We also have our own transportation company because in North America when you promise a customer the trucks are going to be there at seven in the morning you have to be there. Using a carrier, they say, ``We'll be there a day less or a day more.'' They don't care. With this we promise and we're going to be there.
Also, when you are making a window, you have between 2 and 5 percent scrap — the little pieces. When we deliver a new trailer, we pick up the old truck trailer with all the boxes with all these pieces and we bring them back to the recycle plant. And we save some time and money.
We also have the only recycling plant [of its kind] in North America, because everybody else recycles where they take off pieces by hand. Ours is all computerized now. We recycle about 80 million pounds per year. Next year  we may double that.
Here we've got 28 custom profile companies, two siding manufacturing — and we do very well there. We've got three companies in pipes, two in Toronto one in Vancouver. Also, we have a fittings company in Detroit. In vertical blinds we are in Montreal, Houston, Mexico, Florida. Now we will be in Brazil — we're just setting up.
It's very important to understand our vertical integration.
If you have a plant working over 80 percent [capacity], you are going to make money.
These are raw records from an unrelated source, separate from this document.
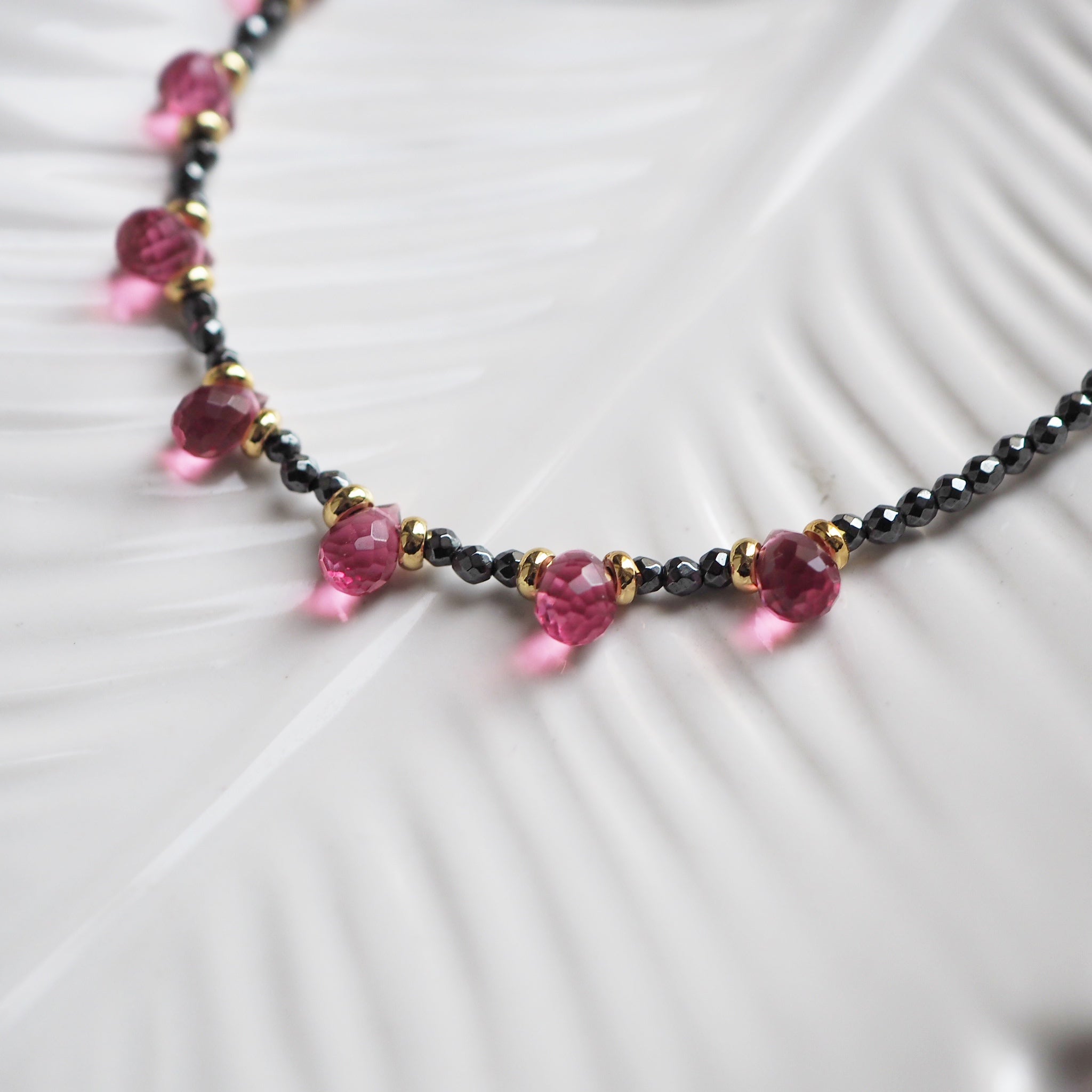 Collana Goccioline Ematite Rosa
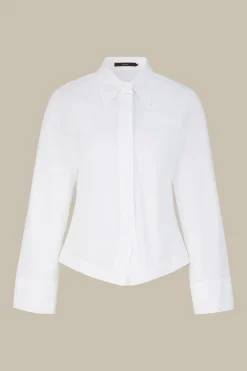 Popeline-Baumwollstretch-Hemdbluse In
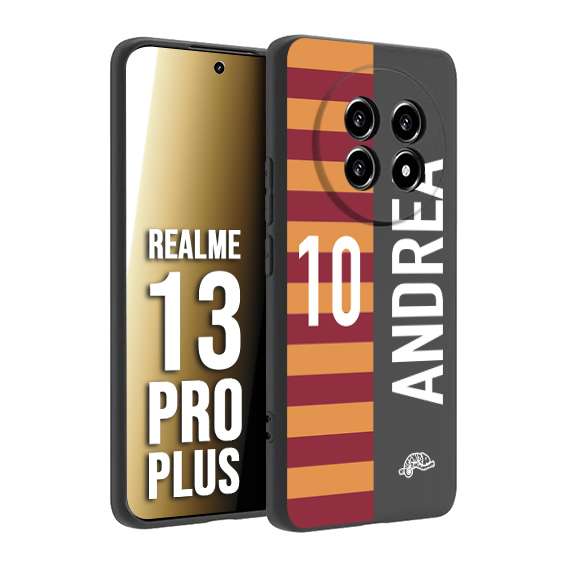 CUSTOMIZZA - Custodia cover nera morbida in tpu compatibile per Realme 13 PRO PLUS personalizzata calcio football nome e numero calciatori giallo rossi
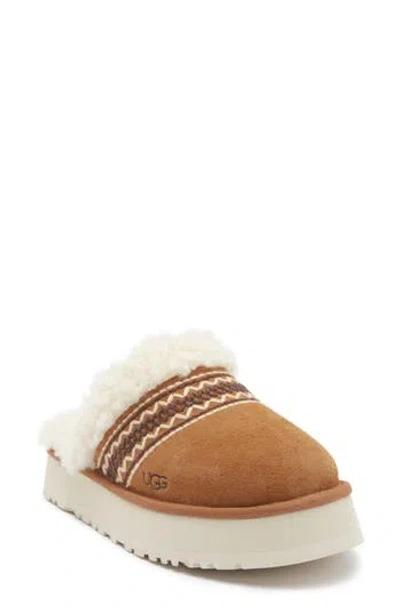 Ugg ® Disquette Genuine Shearling Lined Slipper In Brown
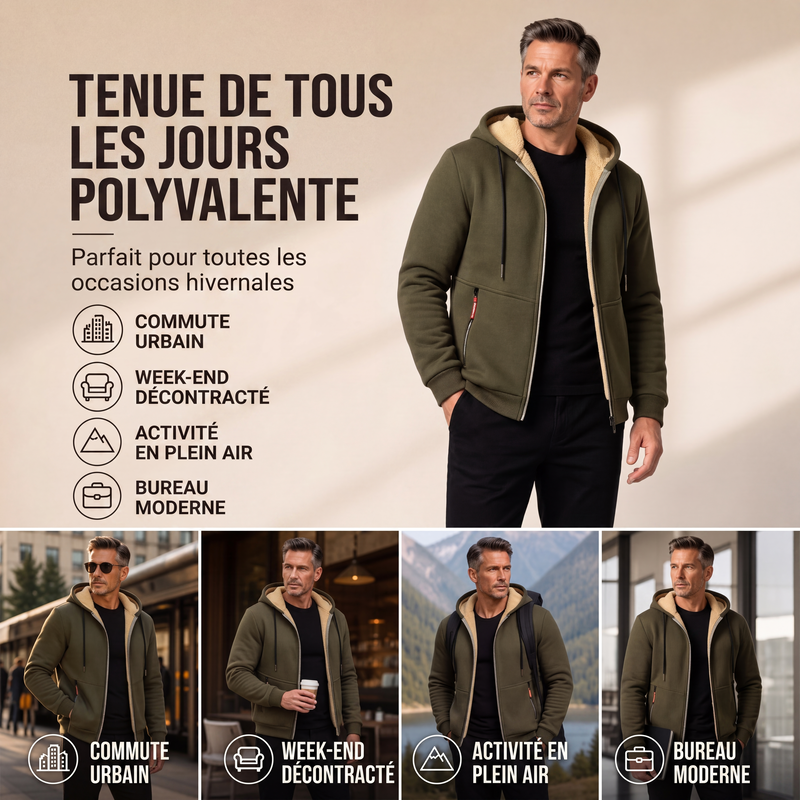 Veste à capuche chaude d'hiver pour homme
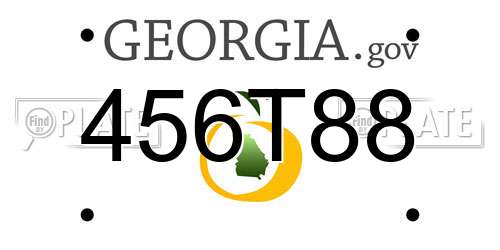 456T88 Georgia License Plate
But if you buy a machine you're going to have to make back that money. If you have to buy ingredients you have to make back that money.
When you have a new product, you are going to say to somebody, ``I need a different this, a different that.'' If they are busy, they will tell you to wait until next year. Then you cannot move. It's like you have a restaurant with no kitchen.
For our company, it's a young company — you grow. If you do not have all these tools, you can never grow. With the customers we have, if you keep adding, adding and never lose one, you have to grow. If you don't have that you better sell your business and go away. That is why we are so close to our customers. Whatever they need, we do it. It is very important to talk to your customers every day. If you don't, other people will, and leave you behind. And that is the reason we can grow.
Look at the building system, for example. We started doing basements, garages, toolsheds, houses, high-rises. We have so many different applications. With our system you are saving trees, you are saving life. If we are going to keep cutting trees in 30 years we are going to be in trouble. With this you save all this and you breathe better, saving the wildlife and everything. Really, this is the future. And we're building every day a better world to live in.
I am learning more things every day. I think I have a little bit of experience. You have to learn every day.